さらには、上記の蛍光材料以外にも、ジアミノスチルベンジルスルホン酸などのスチルベン系、ジアミノジフェニル系、イミダゾール系、チアゾール系、クマリン系、ナフタールイミド系、チオフェン系などの有機系の顔料や染料を使用しても良い。
【0038】
これらの中で、検証機の製作又は入手が比較的容易なことから、紫外線あるいは赤外線で発光する材料が好ましく、さらには、紫外線によって蛍光を発する発光材料は、低コストで入手できることから、本発明に好適である。
【0039】
一方、赤外線吸収材料としてはカーボンブラック等の赤外線領域に吸収を持つ材料が用いられるが、カーボンブラックは可視光線でも吸収があるため、目視で容易に確認されてしまう。それゆえ、赤外線領域で吸収波長を有し、可視光線を吸収しにくい材料が好ましい。
例としては、リン酸塩系白色粉末や硫酸系白色結晶粉末が挙げられる。これらは可視光線を吸収せずに、赤外線を吸収すするため、目視では白色に見えるが赤外線を照射し、その反射光を観察すると、カーボンブラックと同様な赤外線吸収材料として観察される。
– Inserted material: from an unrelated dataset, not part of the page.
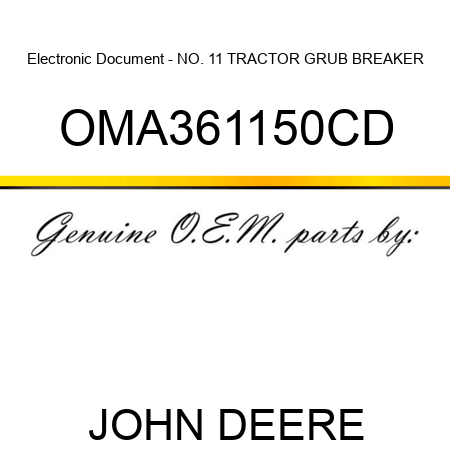 Electronic Document - NO. 11 TRACTOR GRUB BREAKER OMA361150CD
以上は一例であり、これらに限定されるものではなく、公知の赤外線吸収材料を適宜、使用可能である。
【0040】
以上の発光材料あるいは赤外線吸収材料を添加した検証機能層1は、グラビア法とかスクリーン印刷法等の公知のコーティング技術あるいは印刷方法によって、厚さ0.1〜50μm程度に形成される。また。これら検証機能層は1は、全面あるいは意味を持たないランダムなパターンでも良いが、任意の絵柄、文字、記号、図形、等の情報パターンで形成することにより、情報を付与させることも可能である。
【0041】
次にOVD層2に関して説明する。
OVDとは、前記のように光の干渉を利用した画像であり、立体画像の表現や見る角度により色が変化するカラーシフトを生じる表示体が代表例である。
その中で、ホログラムや回折格子を利用したOVDとしては、光の干渉縞を微細な凹凸パターンとして平面に記録するレリーフ型や体積方向に干渉縞を記録する体積型が挙げられる。
一方、ホログラムや回折格子とは手法が異なり、光学特性の異なるセラミックスや金属材料を含んだ薄膜を多層に積層し、見る角度により色の変化(カラーシフト)を生じる多層膜方式もその例である。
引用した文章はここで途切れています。